Wie sprak welke woorden in de ministerraad uit én was dat racistisch? Die vragen leiden tot een kabinetscrisis in Den Haag na het opstappen van NSC-staatssecretaris Nora Achahbar. Alleen de notulen van de ministerraad kunnen opheldering geven, maar die zijn 20 jaar lang geheim. Zonder blijft het gissen naar de waarheid, schrijft Victor Pak.
Het moest even gisten bij staatssecretaris Nora Achahbar (42) na de ministerraad van maandag 10 november. Daar sprak het kabinet-Schoof over de rellen in Amsterdam na de wedstrijd Ajax-Maccabi Tel Aviv. Na afloop van de wedstrijd werd er in de hoofdstad gejaagd op Joodse supporters van de Israëlische club.
Het gesprek ontspoorde, collega’s uit de kabinetsploeg zouden zich in felle, zelfs racistisch hebben uitgelaten. Ook onder meer haar directe collega op het ministerie van Financiën, Eelco Heinen (VVD).

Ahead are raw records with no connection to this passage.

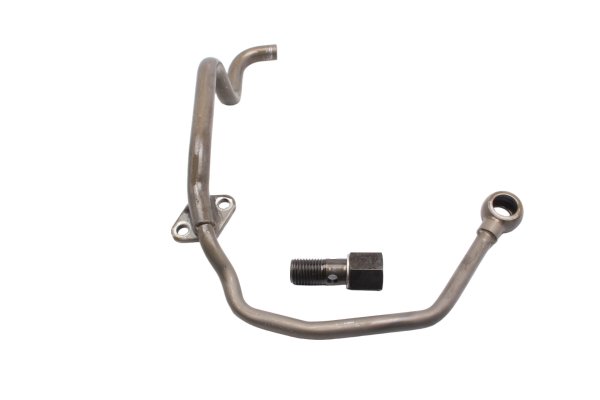 Olierør pumpe ledning banjobolt hulskrue foran BMW R 1200 GS K25 0307 R12 04-07
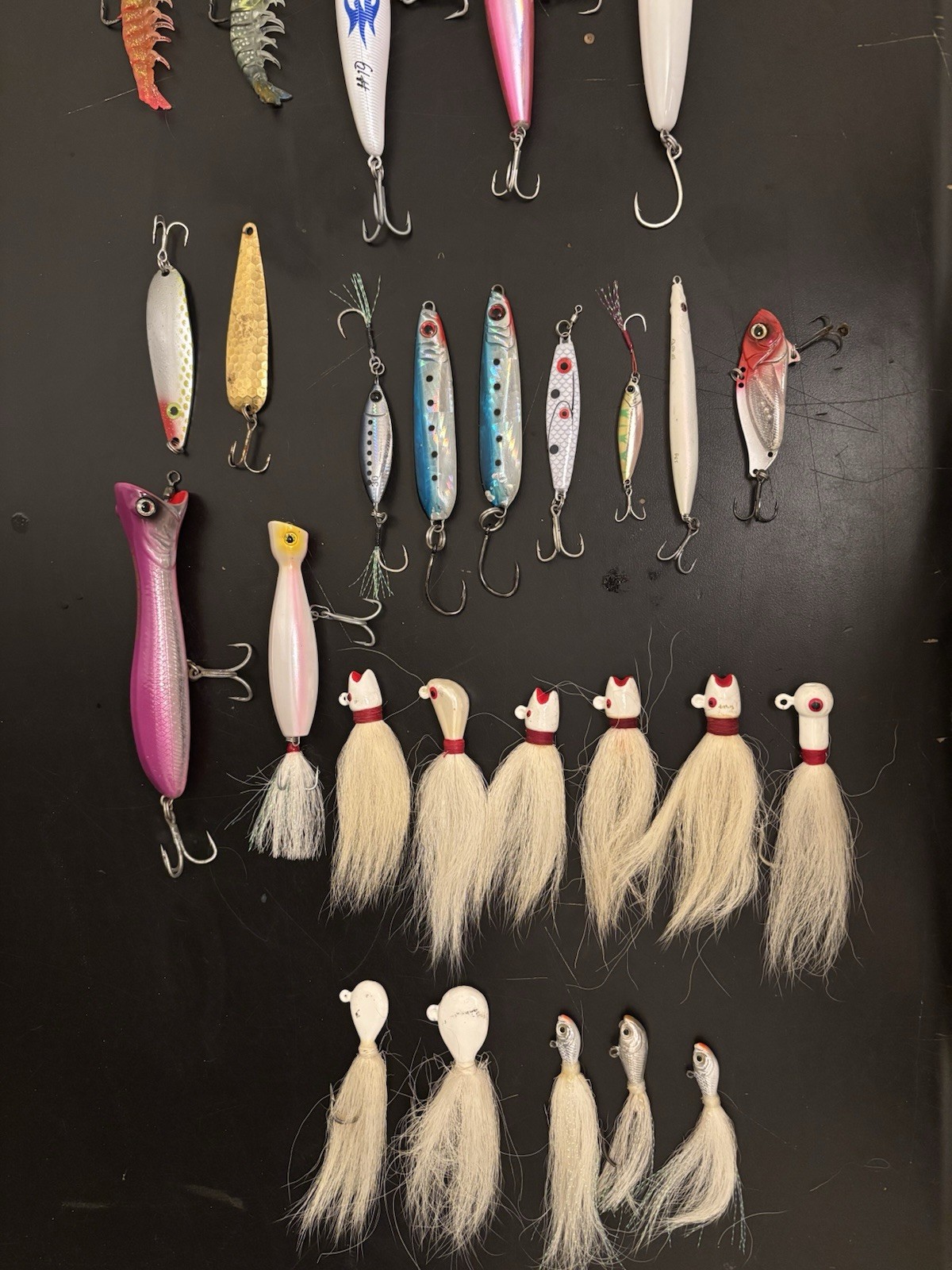 Fishing Plugs And Jigs Lot - Image 2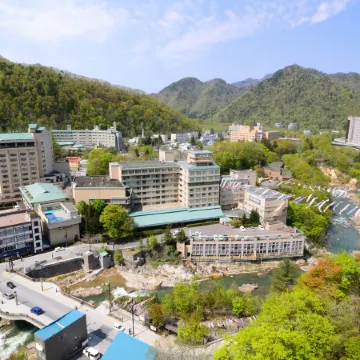 Jozankei Manseikaku Hotel Milione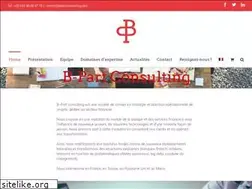 Sites similar to bpart-consulting.com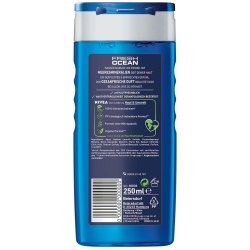 Nivea Men Duschgel Fresh Ocean Showergel 250 ml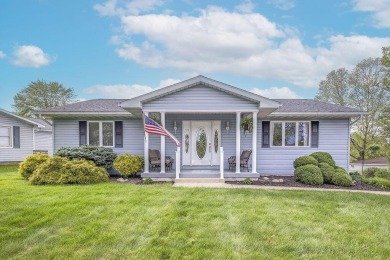 Lake Home For Sale in Howard, Ohio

Hij zou, zo melden diverse media, hebben gesproken over antisemitisme in de samenleving dat niet zomaar als pus uit een puist is te knijpen. Ook zou over Jodenhaat als deel van het DNA van sommige bevolkingsgroepen zijn gesproken.
Nora Achabar opgestapt
Voor Achahbar is het reden om te vertrekken. Alleen is de grote vraag voor de samenleving of kabinetsleden zich daadwerkelijk racistisch uitlieten. Daarom vroeg D66-leider Rob Jetten om het openbaren van de notulen. Een enorme stap, die PvdA-GroenLinksleider Frans Timmermans en Esther Ouwehand van Partij voor de Dieren ondersteunen.
De notulen van de ministerraad zijn geheim en worden pas 20 jaar na dato gepubliceerd. Wie eruit lekt kan door de rijksrecherche worden onderzocht en bedreigd worden met vervolging.
Het vroegtijdig openbaren van de geheimen uit de ministerraad komt zelden voor. Bij hoge uitzondering krijgt soms een parlementaire enquêtecommissie, het hoogste onderzoeksmiddel van de Tweede Kamer, toegang tot notulen of een speciale onderzoekscommissie, zoals die naar de oorlog in Irak en het bloedbad in Srebrenica.
Omtzigt ‘sensibiliseren’
Daarnaast werden in 2021 eenmalig notulen van een ministerraad uit 2019 geopenbaard. Dat gebeurde uitgerekend na een lek van de notulen aan RTL Nieuws. Zij melden dat over toenmalig CDA-Kamerlid Pieter Omtzigt was gesproken. De geopenbaarde notulen staafden dat nieuws. In de ministerraad was gesproken over het ‘sensibiliseren’ van Omtzigt.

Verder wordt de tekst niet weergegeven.